All the political talk about abstinence education reminds me of something that happened when I was thirteen years old. After my mother and younger sister had left the kitchen table one night, going off to struggle once again with the Problem of Evil Homework, my father lobbed a three-pack of Trojans into my lap.
“You know what those are?” he asked.
Schoolboys didn’t use the word “condoms” in those days. “Yeah. They’re ... um ... scumbags, right?”
“Exactly. Carry those with you wherever you go,” he said.
“I don’t think I need them yet.”
He rolled his eyes. “F’chrissake,” he said. “By the time I was your age, I’d been laid, relayed and parleyed.”
“Did Mom say it’s OK for me to have these?”
“What are you, a sissy? Why would I ask your mother?”

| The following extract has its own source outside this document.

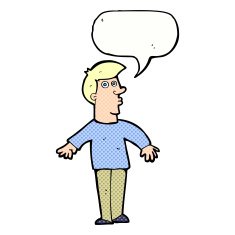 cartoon surprised man with speech bubble N152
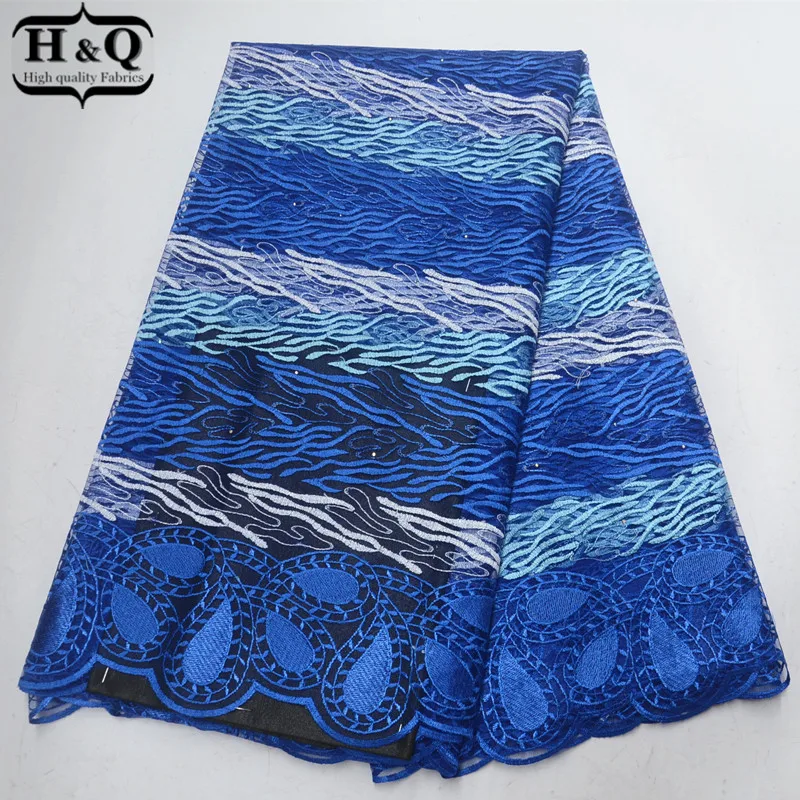 

2019 Hot Selling 5 Yards/Pcs Embroidery Lace French Tulle Lace Fabric With Stones African Net Lace For Beautiful Evening Dress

That made me laugh, because I remembered how he’d acted five years before. Here’s the story.
I was about halfway through third grade, and I had come to the realization that my parents were never going to show me where the seed store was.
Mom had repeated the story to me dozens of times: Dad had planted a seed in her belly. Eventually, that seed, which I envisioned as a kind of pink and slimy Chocolate Baby, became me.
We lived in an apartment in the Bronx, so I knew very little about gardening. The only flora we had in the house were Mom's snake plants, about ten of them, which migrated from one knickknack shelf to another every few weeks. Mom called it "redecorating" every time she moved a snake plant and rotated her figurines. Sometimes the snake plants were surrounded by dancing porcelain elves; at other times they formed the background for a Bo-Peep scene. I once cajoled her into letting me use one as a cactus in a mini-drama that I was acting out for myself with plastic cowboys. The idea was that the bad guys would keep shooting the cactus instead of the hero hiding behind it. Bang, blam, p-shoing! The cactus would fall over dead. After its third demise, my mother confiscated it, and placed it back where Nature intended it to be, between Madame Pompadour and Neptune.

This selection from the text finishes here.